Last winter it was the gossip tabloid the Star that got the ball rolling on allegations of marital infidelity against Gov. Bill Clinton, on the basis of the testimony of a Little Rock sometime nightclub singer and some taped telephone conversations that may or may not have been edited. The ball was kept rolling by ABC News, which high-mindedly declined to report the charges on its evening news the day it broke but then devoted its late-night "Nightline" show to a debate on the propriety of airing the story.
This time it is the New York Post, a bare cut above the gossip tabloid genre, by picking up an obscure reference and footnote in a new book that was going nowhere to allege similar marital infidelity by George Bush when he was vice president. And this time it was a CNN reporter who assured worldwide coverage of the story by asking President Bush directly about it in a televised news conference -- with Israeli Prime Minister Yitzhak Rabin standing by, no less.

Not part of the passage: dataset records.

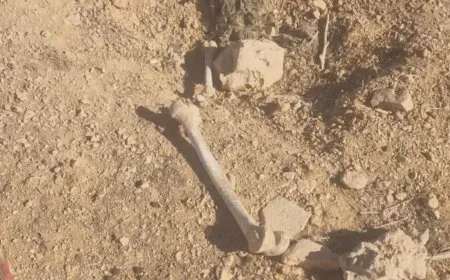 العثور على بقايا رفات شخص بريف حمص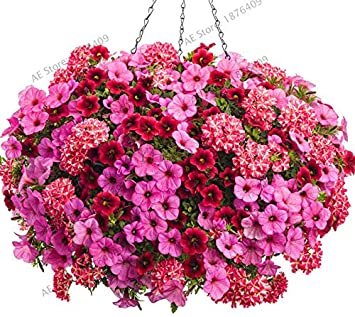 Hanging Petunia Flores Melissa Original Flower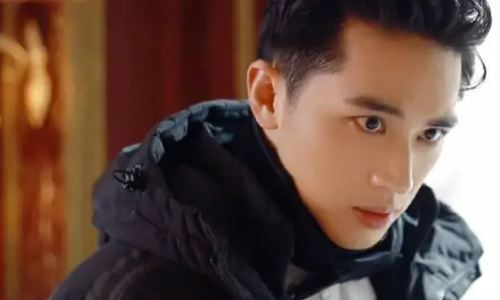 许魏洲为什么那么多黑粉(许魏洲粉丝回踩)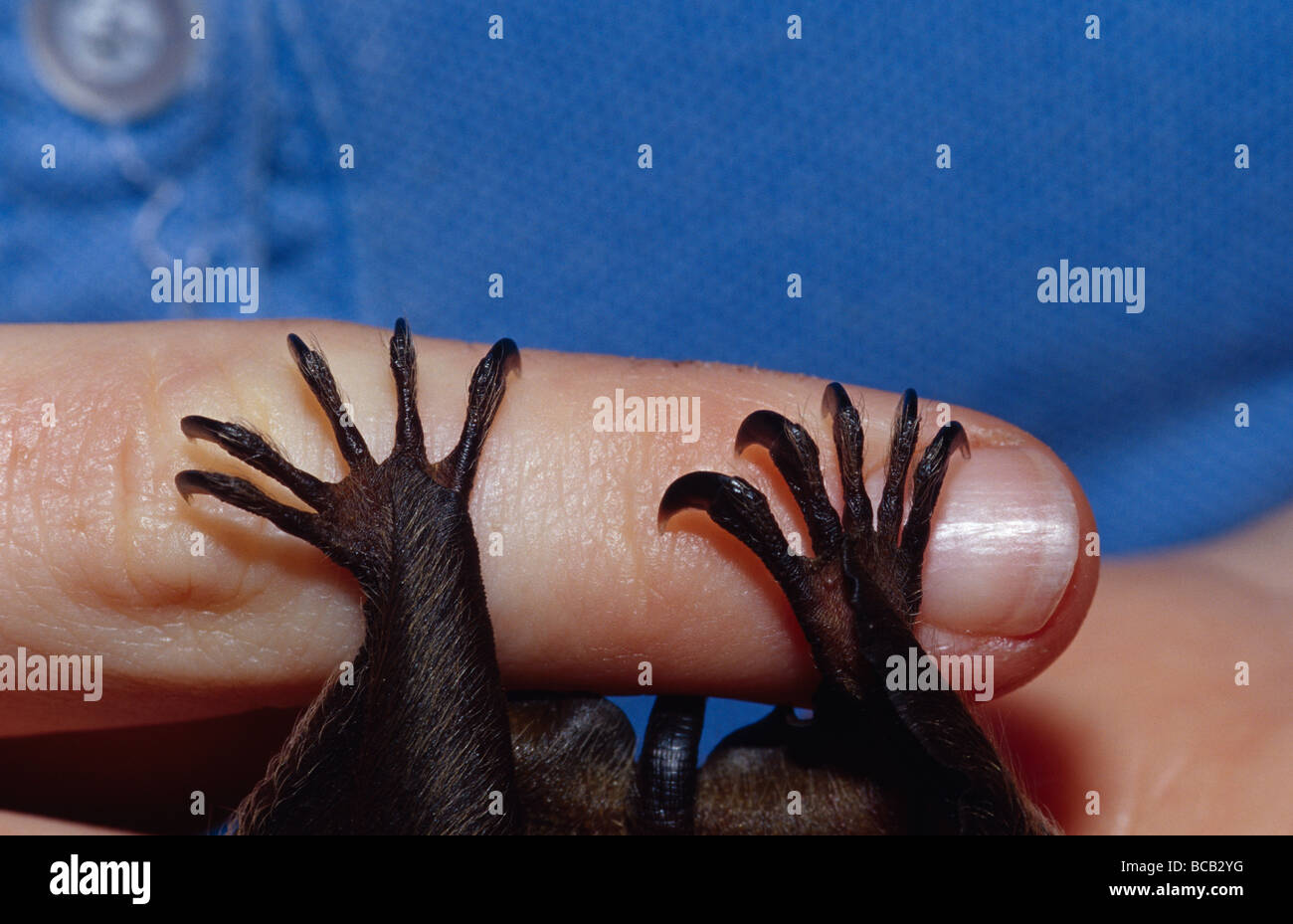 Die krallenbewehrten Füße einer Queensland Tube Nosed Fledermaus klammerte sich an einem Finger. Stockfoto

Bush understandably erupted when the CNN reporter asked him about the Post story saying an ambassador had told others he had arranged "a sexual tryst" for Bush in Geneva. "I'm not going to take any sleazy questions like that from CNN," he shot back, adding he was "outraged" and would not respond "other than to say it's a lie."
The story peddled in the book, and blown up by the Post, is essentially the same one that has been kicking around the Washington whisper mill for years -- that Bush had an affair with a woman who worked for him and now is at the State Department. The new wrinkle is an allegation -- supposedly made by a former U.S. ambassador who most inconveniently is now dead -- that on a trip to Geneva in 1984 they "stayed in adjoining bedrooms," and the naming of the woman by a specified source.

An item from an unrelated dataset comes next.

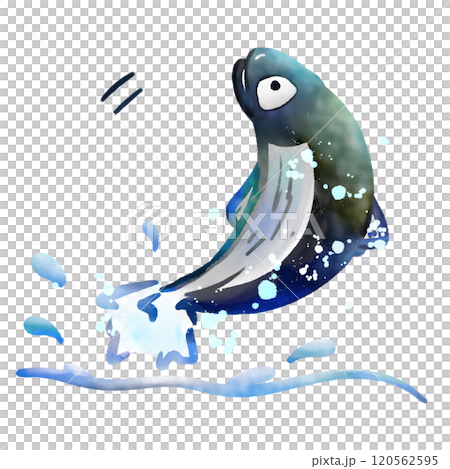 fish jumping out of water illustration, watercolor cartoon drawing 120562595
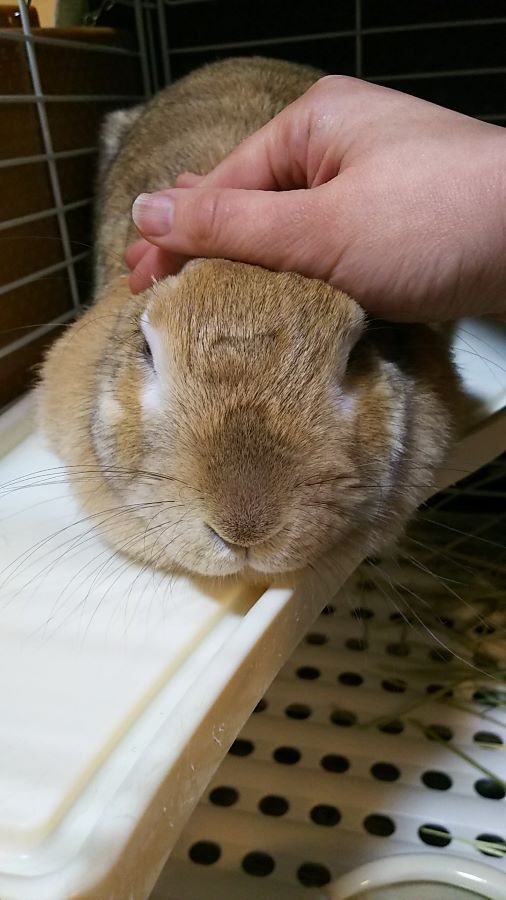 f:id:fp-maruko:20210224174843j:plain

The Post blared the allegation all over its front page and inside, with a cover headline "The Bush Affair: Book reveals U.S. envoy set up Swiss hideaway in 84 for Vice Prez & his secretary." The book, however, "revealed" nothing but hearsay of the sort that has been printed before, most notably during the 1988 campaign by another tabloid, the L.A. Weekly. Then, when an aide to Democratic presidential nominee Michael Dukakis publicly called on Bush to "fess up," Dukakis promptly canned her.
The Bush-Quayle campaign's new pit bull, deputy campaign manager Mary Matalin, wasted no time pinning the blame on the Democrats. She called them "a bunch of hypocrites" for complaining about Republican negative campaign tactics while, she charged, peddling this old story to the news media. When rumors about the health of Bush and other key administration figures surfaced a few weeks ago, she blamed that on the Democrats too, but offered no proof other than to say reporters had told her unnamed Democrats were the peddlers.
It would not be totally astonishing if some Democrats did try to get this old story with a new twist into print and onto the airwaves. Both parties have played that game for years, and it is an obvious tactic of the Clinton campaign to remind voters of the very negative campaign run by Bush in 1988.
But it's questionable whether Clinton's cause is well served by a renewed focus on questions of marital infidelity no matter who is being accused. And Bush's problem remains the dismal state of the economy under his tenure and his inability to articulate where he wants to take the country in a second term.
The real losers are the American news media, whose credibility with the public already is no higher than a grasshopper's knee. There is nothing wrong with printing or airing a story about marital infidelity on the part of a public official who endlessly preaches "family values" -- as long as the story can be proved to be true. This one does not come close to meeting this test. But once it surfaces in a presidential news conference, it can't be ignored as if it never happened, either, and that's the dilemma the rest of the press faces again in this episode.